1. Department of Genetics, Harvard Medical School, Boston, MA 02115
2. Institute of Genome Science and Policy, Duke University, Durham, NC 27708
3. Department of Genetics, Washington University, St. Louis, MO 63108
Correspondence should be addressed to: G.M.C (g1m1c1@receptor.med.harvard.edu)
1
ABSTRACT
We report a long-range multi-locus haplotyping method based on DNA polony
technology. By immobilizing thousands of intact chromosomes within a polyacrylamide
gel on a microscope slide and performing multiple amplifications from single molecules
(MASMO), we determined 5-locus haplotypes spanning a 153 Mb region of human
chromosome 7, and found evidence of rare mitotic recombination events in human
lymphocytes. Furthermore, the parallel nature of DNA polony technology allows efficient
haplotyping on pooled DNAs from a population with one slide. The patterns of linkage
disequilibrium (LD) established by haplotyping from pooled DNA are more accurate than
statistically inferred haplotypes.
2
TEXT
Haplotypes are important for mapping human disease genes, diagnosing loss of
heterozygosity in cancer, investigating cis-effects in gene expression, and determining
long range order in the face of DNA repeats, yet current molecular haplotyping
technologies are inefficient and limited to a short distance, usually less than 100 kb(1-4).

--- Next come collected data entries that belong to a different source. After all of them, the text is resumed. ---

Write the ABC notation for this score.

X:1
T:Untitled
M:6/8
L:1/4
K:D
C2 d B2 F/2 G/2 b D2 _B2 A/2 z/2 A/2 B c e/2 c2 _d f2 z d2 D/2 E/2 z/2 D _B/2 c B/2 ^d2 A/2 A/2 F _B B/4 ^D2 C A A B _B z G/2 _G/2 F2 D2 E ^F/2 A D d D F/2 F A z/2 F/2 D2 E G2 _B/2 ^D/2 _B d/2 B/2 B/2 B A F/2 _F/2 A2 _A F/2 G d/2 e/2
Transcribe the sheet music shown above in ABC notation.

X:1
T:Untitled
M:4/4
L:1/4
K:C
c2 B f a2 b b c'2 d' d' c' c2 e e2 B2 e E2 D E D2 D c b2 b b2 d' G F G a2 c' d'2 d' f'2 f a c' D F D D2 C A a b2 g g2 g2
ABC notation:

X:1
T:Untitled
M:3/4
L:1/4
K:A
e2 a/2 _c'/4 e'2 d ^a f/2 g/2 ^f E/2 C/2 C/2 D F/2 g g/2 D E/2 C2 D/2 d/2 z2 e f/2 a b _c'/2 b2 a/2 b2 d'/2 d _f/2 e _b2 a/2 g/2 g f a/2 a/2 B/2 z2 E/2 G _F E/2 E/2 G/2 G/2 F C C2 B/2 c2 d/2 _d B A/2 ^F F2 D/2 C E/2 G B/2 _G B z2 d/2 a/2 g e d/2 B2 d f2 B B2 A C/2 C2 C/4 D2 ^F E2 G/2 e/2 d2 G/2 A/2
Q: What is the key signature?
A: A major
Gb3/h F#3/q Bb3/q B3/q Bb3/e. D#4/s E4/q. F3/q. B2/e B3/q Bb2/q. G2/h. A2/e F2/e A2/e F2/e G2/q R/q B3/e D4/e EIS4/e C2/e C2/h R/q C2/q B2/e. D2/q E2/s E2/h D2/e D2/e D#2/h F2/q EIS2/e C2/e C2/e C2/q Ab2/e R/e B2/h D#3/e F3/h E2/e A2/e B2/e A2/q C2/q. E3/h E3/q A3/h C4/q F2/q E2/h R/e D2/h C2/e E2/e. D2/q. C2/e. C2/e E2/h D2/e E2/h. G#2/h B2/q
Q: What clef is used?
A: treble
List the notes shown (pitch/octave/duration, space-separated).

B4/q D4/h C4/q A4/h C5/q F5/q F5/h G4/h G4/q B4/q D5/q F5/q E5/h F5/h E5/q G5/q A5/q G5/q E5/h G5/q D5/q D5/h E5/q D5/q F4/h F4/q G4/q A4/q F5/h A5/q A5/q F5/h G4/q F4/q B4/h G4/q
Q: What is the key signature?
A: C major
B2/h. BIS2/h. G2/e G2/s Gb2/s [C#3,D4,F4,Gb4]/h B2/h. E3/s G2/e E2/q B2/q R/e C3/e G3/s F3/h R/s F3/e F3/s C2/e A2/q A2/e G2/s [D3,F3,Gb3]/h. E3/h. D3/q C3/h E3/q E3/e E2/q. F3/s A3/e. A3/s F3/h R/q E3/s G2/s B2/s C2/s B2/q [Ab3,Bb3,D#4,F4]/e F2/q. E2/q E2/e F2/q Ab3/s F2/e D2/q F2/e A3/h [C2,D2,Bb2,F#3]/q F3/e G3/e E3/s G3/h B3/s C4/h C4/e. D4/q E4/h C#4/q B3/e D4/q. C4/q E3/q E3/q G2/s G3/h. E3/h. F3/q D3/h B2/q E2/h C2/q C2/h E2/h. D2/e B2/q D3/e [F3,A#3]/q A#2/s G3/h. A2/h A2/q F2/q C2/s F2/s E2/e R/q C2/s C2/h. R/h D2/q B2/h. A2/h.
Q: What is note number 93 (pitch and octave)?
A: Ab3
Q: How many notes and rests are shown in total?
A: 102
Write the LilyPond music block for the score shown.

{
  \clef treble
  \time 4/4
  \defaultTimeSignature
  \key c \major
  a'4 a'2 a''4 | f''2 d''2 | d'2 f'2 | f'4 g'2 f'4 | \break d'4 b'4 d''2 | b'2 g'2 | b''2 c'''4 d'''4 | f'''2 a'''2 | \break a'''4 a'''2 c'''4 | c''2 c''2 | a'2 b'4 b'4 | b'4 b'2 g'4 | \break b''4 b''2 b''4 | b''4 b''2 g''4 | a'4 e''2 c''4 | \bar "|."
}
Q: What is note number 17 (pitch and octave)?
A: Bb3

Therefore, most association studies rely on haplotypes reconstructed from genotypes
using statistical methods(5-8), without taking account of the uncertainty in inference. The
variance of inferred haplotype frequencies often compromises the power of haplotype
analyses. For long-range (>100 kb) haplotypes, the accuracy of statistical methods has
not been rigorously evaluated because of the difficulty in experimentally determining
long-range haplotypes. Construction of somatic cell hybrids(9) is the only experimental
approach available, but this is only practical on a small sample size(10).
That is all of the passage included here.